ハカにラグビー日本代表が対抗するには

 おととい、ラグビーニュージーランド代表(オールブラックス)のハカについて書いた。

 くりかえしになるが、ハカはオールブラックスが国際試合のまえにおどる儀式である。

威圧的で、しかも大変にカッコよい。コーフン的である。相手チームは、目のまえでこれをやられたら、なかなか平静ではいられないのではないか。ビビった時点で、下手すれば勝負がついてしまいかねない。

 ハカは、もともとニュージーランドの先住民マオリ族の戦士の舞踏だったという。では、我がラグビー日本代表がこれに対抗するにはどういうものが考えられるだろう。いろいろ探してみた。

 まず最初に考えたのは、わが国の誇る、ラグビー以上の巨漢の肉弾戦。そう、大相撲の土俵入りである。

 横綱土俵入りは荘厳だが、あれは個人技(という言い方も変だが)である。集団でやるとなれば、幕内力士土俵入りのほうがふさわしいだろう。

 実際に見てみよう。

 ちょんと手を打って片手をあげ、まわしをつりあげてから万歳する。案外とあっさりしており、オールブラックスからすれば、「何デスカ、コレハ?」であろう。とてもハカには対抗できなさそうだ。残念ながら却下。
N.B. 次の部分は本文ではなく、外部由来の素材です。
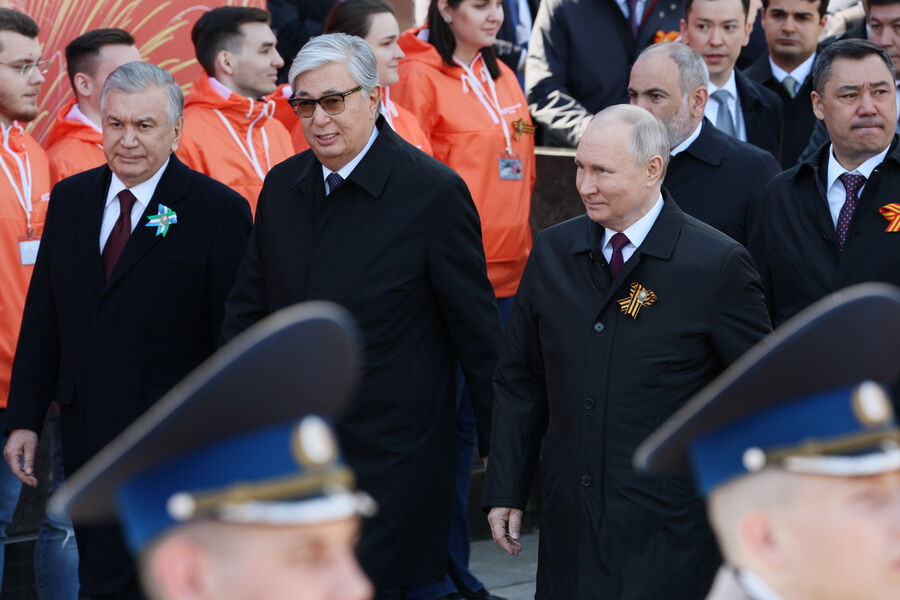 Президент РФ Владимир Путин, президент Узбекистана Шавкат Мирзиеев (слева), президент Казахстана Касым-Жомарт Токаев (второй слева) идут к&nbsp;трибунам перед&nbsp;началом парада в&nbsp;Москве, посвященного 78-й годовщине Победы в&nbsp;Великой Отечественной войне, 9&nbsp;мая 2023&nbsp;года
 では、わが国を代表する集団舞踏、「音頭」はどうか。

 これならハカを舞って気合が最高にたかまっているオールブラックスを、いきなり脱力させることが可能だ。中には浮かれて一緒に踊りだす選手まで出てくるかもしれない(現に、紹介したムービーはデュッセルドルフでのものらしいが、外人さんたちも浮かれて踊っている)。ただ、問題は、我が日本代表側も一緒に脱力してしまい、この後の試合がとてもコーフン的にはなりそうにないことだ。♪ドンドン、ドンガラガッタ、チャチャンカチャン。なにかこう、すでに閉会式のにおいがただよっている。

 なにかよいものはないかといろいろ動画を見ていたのだが、これ、というものがない。だんじりや山笠、御柱などの祭りは勇壮でコーフン的ではあるが、あれは男どもが生死をかえりみずにわーっと突っ込んでいくところがコーフン的なのであって、試合前の儀式にはなりにくい。


 かといって白浪五人男というわけにもいかんし、黒田節なんかも静かな力は感じさせるがコーフン的な展開にはなりにくい。ハカに対抗できるような日本の舞踏はちょっと思いつかない。何かいいものがあったら、教えていただきたい。

 最後に、オールブラックスのハカ vs. ラグビー・トンガ代表のシピタウ。

 くーっ、カッコいい。試合のコーフン度も最高潮だ。たまりません。